A U.S. watchdog has filed a lawsuit against Capital One, accusing the bank of deceiving consumers regarding its high-interest savings accounts and causing them to lose over $2 billion in interest payments. The Consumer Financial Protection Bureau (CFPB) alleges that Capital One misled customers about its '360 Savings' accounts, which were marketed as offering one of the nation's highest interest rates.
The complaint states that Capital One froze the interest rate on its 360 Savings accounts at a low level for several years, despite national rate increases. The bank introduced '360 Performance Savings' with a significantly higher rate but failed to inform 360 Savings accountholders about this new option, keeping them unaware of the better rates available.
The CFPB claims that Capital One's actions resulted in the bank avoiding billions in interest payments to millions of consumers. The agency is seeking civil penalties and financial relief for those affected by the alleged misconduct.

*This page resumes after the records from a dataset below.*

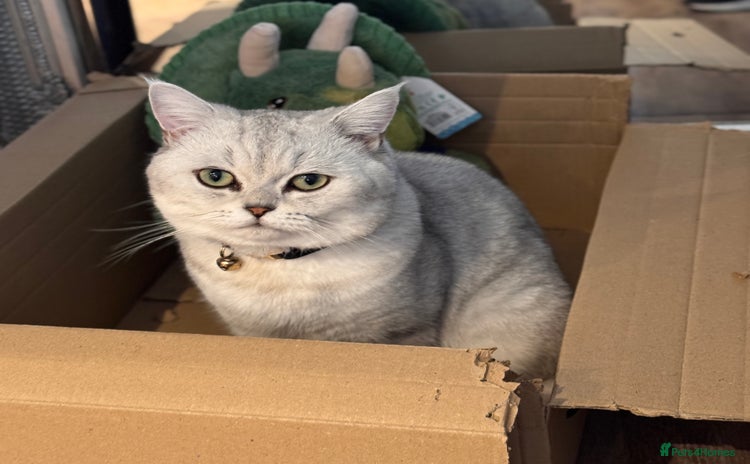 Scottish Fold cats - Advert 5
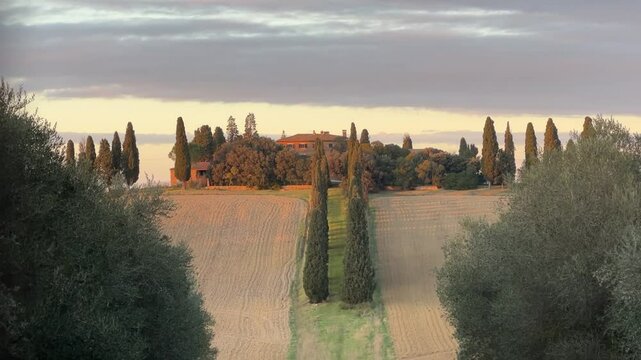 Tuscany, Italy - November 25, 2024: Tuscan countryside near San Quirico d'Orcia and Pienza. Row of Tuscan cypress trees leading to a rustic hilltop farmhouse in the scenic countryside landscape.
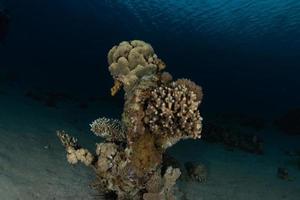 koraalrif en waterplanten in de rode zee, eilat israël foto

Responding to the allegations, Capital One expressed strong disagreement and plans to defend itself in court. The bank emphasized that all its 360 banking products offer competitive rates and are easily accessible to both new and existing customers without restrictions.
As of now, 360 Savings accounts have an interest rate of around 0.50%, while 360 Performance Savings accounts offer approximately 3.74% interest. The CFPB highlighted that the rate disparity between the two account types has been significant, with 360 Performance Savings rates being over 14 times higher than 360 Savings rates in the past.
The CFPB's complaint reveals that Capital One maintained the 360 Savings rate at 0.30% from December 2020 to at least August 2024, while the 360 Performance Savings rate increased to 4.25% during the same period. The lawsuit comes shortly before the inauguration of the new administration, raising questions about the future of such enforcement actions under the incoming leadership.